Why shouldn't we die
An acquaintance told me about a mutual friend the other day, “I'm scared that type of kid is about to commit suicide.”
But I couldn't say anything. I can only think of death and life as personal freedom.
Of course, I want them to be happy, but even if they say they want to die, I don't think “you have to work hard to live.” I can't guarantee that something happy will happen afterwards, and I can't take responsibility for it.
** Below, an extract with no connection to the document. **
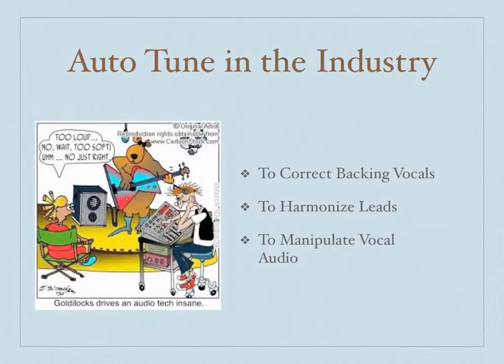Today, Auto-Tune is used in nearly every professional recording that involves any type of singing or harmonization. Simply placing a basic Auto-Tune or pitch correction software onto the vocals track makes it play back with the corrections to the pitching key already made. In most settings, it's used to harmonize vocals or correct backing vocals that will be in the mix.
If you want it to end, you're free to finish it.
I've watched many funerals, and I've always watched how any person, even if their parents or husbands die and are sad, will eventually regain their daily lives.
I don't think I should live while continuing to suffer because of my temporary sorrow. If you get advice about wanting to live, I'll ask, but even if they say they want to die, isn't that fine? I can only think of it.
Similarly, I couldn't even tell my sick friend that I should change my lifestyle in a healthy way. If the person himself says he wants to live freely with alcohol and tobacco rather than live a long time, I can only think that is the case. It can't be helped, I'm just laughing next to them and crying at the funeral. If I had stopped at that time, I wouldn't look like anyone else.
Am I being ruthless?
A friend of 20 years passed away last month. They were friends I met every week. We used to be lovers. It's sad. There is also a sense of loss. But those are selfish feelings on my part. In the end, I didn't change my mind. The sad thing is that I'm sad no matter when I die. Maybe even 20 years from now. Even so, people don't think they have to live no matter what happens, and they don't connect in any way.
I also think I'm missing something, but I don't know what.
Am I a person who can't take care of people?